Adrien Mazarguil adrien.mazarguil at 6wind.com
Tue Jul 19 15:12:19 CEST 2016


On Tue, Jul 19, 2016 at 08:11:48AM +0000, Lu, Wenzhuo wrote:
> Hi Adrien,
> Thanks for your clarification.  Most of my questions are clear, but still something may need to be discussed, comment below.

Hi Wenzhuo,

Please see below.

[...]
> > > > Requirements for a new API:
> > > >
> > > > - Flexible and extensible without causing API/ABI problems for existing
> > > >   applications.
> > > > - Should be unambiguous and easy to use.
> > > > - Support existing filtering features and actions listed in `Filter types`_.
> > > > - Support packet alteration.
> > > > - In case of overlapping filters, their priority should be well documented.
> > > Does that mean we don't guarantee the consistent of priority? The priority can
> > be different on different NICs. So the behavior of the actions  can be different.
> > Right?
> > 
> > No, the intent is precisely to define what happens in order to get a consistent
> > result across different devices, and document cases with undefined behavior.
> > There must be no room left for interpretation.
> > 
> > For example, the API must describe what happens when two overlapping filters
> > (e.g. one matching an Ethernet header, another one matching an IP header)
> > match a given packet at a given priority level.
> > 
> > It is documented in section 4.1.1 (priorities) as "undefined behavior".
> > Applications remain free to do it and deal with consequences, at least they know
> > they cannot expect a consistent outcome, unless they use different priority
> > levels for both rules, see also 4.4.5 (flow rules priority).
> > 
> > > Seems the users still need to aware the some details of the HW? Do we need
> > to add the negotiation for the priority?
> > 
> > Priorities as defined in this document may not be directly mappable to HW
> > capabilities (e.g. HW does not support enough priorities, or that some corner
> > case make them not work as described), in which case the PMD may choose to
> > simulate priorities (again 4.4.5), as long as the end result follows the
> > specification.
> > 
> > So users must not be aware of some HW details, the PMD does and must
> > perform the needed workarounds to suit their expectations. Users may only be
> > impacted by errors while attempting to create rules that are either unsupported
> > or would cause them (or existing rules) to diverge from the spec.
> The problem is sometime the priority of the filters is fixed according to
> > HW's implementation. For example, on ixgbe, n-tuple has a higher
> > priority than flow director.

As a side note I did not know that N-tuple had a higher priority than flow
director on ixgbe, priorities among filter types do not seem to be
documented at all in DPDK. This is one of the reasons I think we need a
generic API to handle flow configuration.

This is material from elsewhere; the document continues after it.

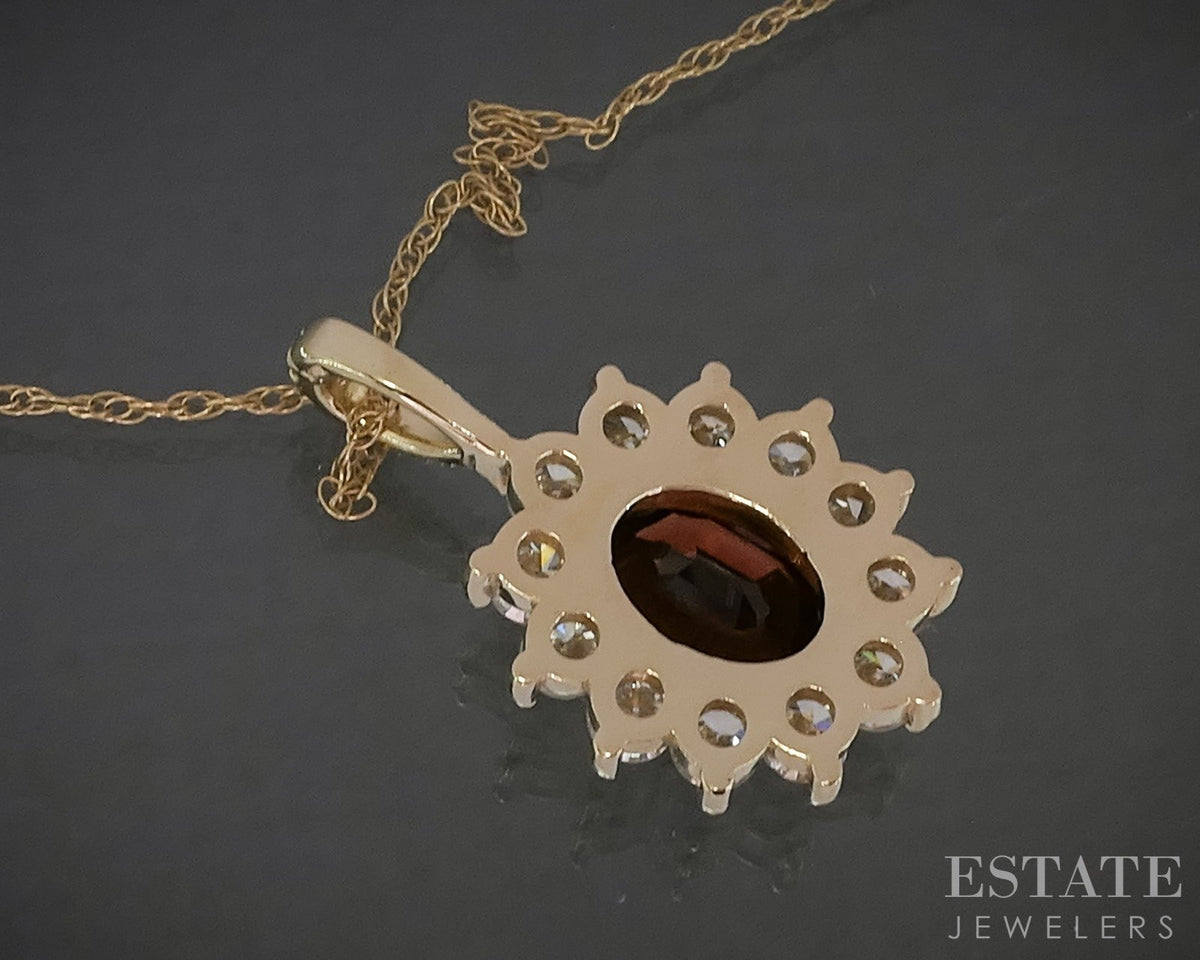 14k Yellow Gold Oval Natural Garnet & 1.20ctw Diamond Necklace 3.4g 18"L p27085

So, today an application cannot combine N-tuple and FDIR flow rules and get
a reliable outcome, unless it is designed for specific devices with a known
behavior.

> What's the right behavior of PMD if APP want to create a flow director rule which has a higher or even equal priority than an existing n-tuple rule? Should PMD return fail? 

First remember applications only deal with the generic API, PMDs are
responsible for choosing the most appropriate HW implementation to use
according to the requested flow rules (FDIR, N-tuple or anything else).

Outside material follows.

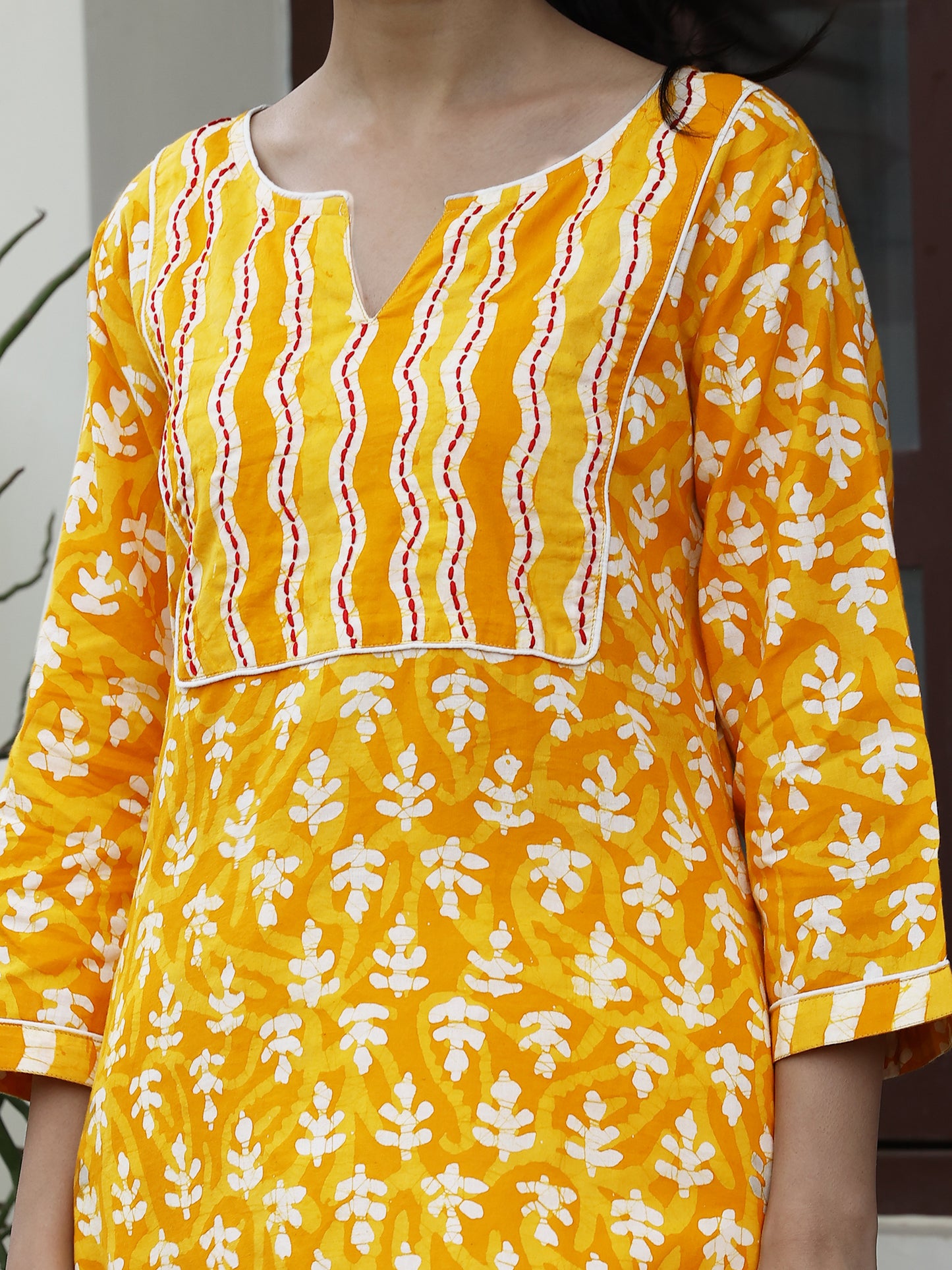 Yellow Kantha Yoke Hand Block Cotton Kurta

For the specific case of FDIR vs N-tuple, if the underlying HW supports both
I do not see why the PMD would create a N-tuple rule. Doesn't FDIR support
everything N-tuple can do and much more?

Assuming such a thing happened anyway, that the PMD had to create a rule
using a high priority filter type and that the application requests the
creation of a rule that can only be done using a lower priority filter type,
but also requested a higher priority for that rule, then yes, it should
obviously fail.

That is, unless the PMD can perform some kind of workaround to have both.

> If so, do we need more fail reasons? According to this RFC, I think we need return " EEXIST: collision with an existing rule. ", but it's not very clear, APP doesn't know the problem is priority, maybe more detailed reason is helpful.

Possibly, I've defined a basic set of errors, there are quite a number of
errno values to choose from. However I think we should not define too many
values. In my opinion the basic set covers every possible failure:

- EINVAL: invalid format, rule is broken or cannot be understood by the PMD
  anyhow.

- ENOTSUP: pattern/actions look fine but something in the requested rule is
  not supported and thus cannot be applied.

- EEXIST: pattern/actions are fine and could have been applied if only some
  other rule did not prevent the PMD to do it (I see it as the closest thing
  to "ETOOBAD" which unfortunately does not exist).

- ENOMEM: like EEXIST, except it is due to the lack of resources not because
  of another rule. I wasn't sure which of ENOMEM or ENOSPC was better but
  settled on ENOMEM as it is well known. Still open to debate.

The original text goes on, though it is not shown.